Desde el primer silbatazo de Ascenzi, el equipo de Coleoni fue más. Se mostró agresivo, estableció el “doble cinco” formado por Palacio y Scaglia en campo antagónico, allanó caminos por las bandas y tuvo a un Michel inspirado, por momentos de nivel superlativo cuando se retrasó para fabricar juego.
La postura se vio trasuntada en numerosos momentos apremiantes que debió soportar el arco de Salgueiro. El arquero se lució ante un violento remate de Arnaldo González sobre el primer palo, luego Mendoza falló desde el área chica en el epílogo de una acción colectiva de la que también fueron parte Michel, Ledesma y Strada, y ya en 26’ Martín Aguirre ganó en lo alto (foto) tras el tiro libre de González pero su cabezazo no fue bien direccionado.
Los puntanos se veían sometidos a ese dominio, a raíz de que perdieron desde el “vamos” la puja en la zona media. A ello se sumaron algunas imperfecciones técnicas en zonas de peligro, situación en parte propiciada por las condiciones del balón y el campo de juego.
Así fue que le resultaron insuficientes las corajeadas de Garraza sobre la franja derecha y la prolijidad del ex Argentino Juniors, Seltzer, sobre el otro costado.

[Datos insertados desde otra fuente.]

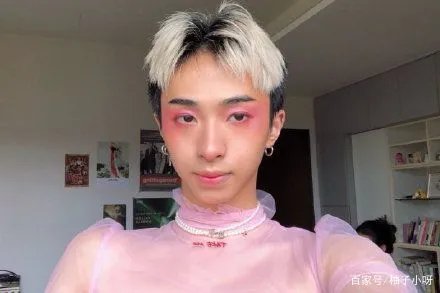 伊能静19岁儿子晒与女生合照,甜喊其女友,这是官宣恋情吗?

No bastó para impedir que los delanteros Albarracín y Fernández queden aislados y terminen teniendo una noche para el olvido.
Monopolizando el balón, el aurinegro intentaba por todos los caminos aunque por momentos se repetía. Por ende, Coleoni buscó una variante cambiando de flanco a los carrileros (Strada pasó a trabajar por izquierda y González se trasladó a la derecha). 
Y si bien la alteración táctica no depararía mayor suceso, el desnivel terminaría llegando por decantación. 
Fue a los 35’. Palacio se internó en el área por derecha y sin mucho tiempo para decidir sacó un picante derechazo bajo, el rechazo imperfecto fue capturado por Mendoza, que recurrió a una media vuelta para anotar su primer gol con la camiseta de Santamarina.
A nadie hubiera sorprendido que los tandilenses, por su superioridad, hubiesen incrementado el margen de su diferencia cuando ni Capella ni Aguirre llegaron a conectar el tiro libre de Michel. Es que del otro lado, Bertoya entró en acción recién al minuto 45’, cuando debió ir abajo para echar al tiro de esquina un disparo raso del uruguayo Requelme.
Para la reanudación, Juventud Unida implementó dos variantes de entrada. Ingresaron Lucero y Peralta, ambos de vocación ofensiva, en detrimento de los laterales Figueroa e Inostroza (Seltzer pasó a jugar como “3”). Pero más que esas variantes, lo que modificó la esencia del juego fue la predisposición de ambos conjuntos. 
Pudo verse un Santamarina mucho más apagado, entre el desgaste y la conformidad que le deparaba el resultado, y una escuadra puntana más decidida, a sabiendas de que debía forzar un desarrollo absolutamente inverso al de los 45’ iniciales.
Juventud Unida ostentó dominio de balón y territorial, pero lejos estuvo de exhibir la profundidad con la que su rival lo castigó en la primera mitad.
El equipo de Coleoni se acomodó a una postura mucho más “inocente”, sin atravesar zozobra pero a su vez riesgosa dado lo exigua de su diferencia.
Tras largos minutos de intrascendencia general, la victoria local estuvo en riesgo como nunca al cabo del tramo postrero. La visita se jugó el “todo por el todo” y puso en aprietos a Bertoya. El “1” supo responder ante la embestida de Peralta, Zárate despachó un fortísimo derechazo que se fue soplando el travesaño y en la más nítida Martín Aguirre llegó de manera providencial al cierre luego de la definición de Castellano, quien impactó el balón sin demasiada potencia arrojándose al piso tras el desesperado achique de Bertoya.
Fue, ese sufrimiento, el precio que debió abordar Santamarina por haber modificado esa actitud que lo condujo a su mejor momento de un partido que terminó ganando de manera inobjetable.
 
La figura
Martín Aguirre
Impasable por lo alto, desbaratando innumerables intentos de los puntanos. En el final se lució con una barrida sobre la línea de gol que valió dos puntos.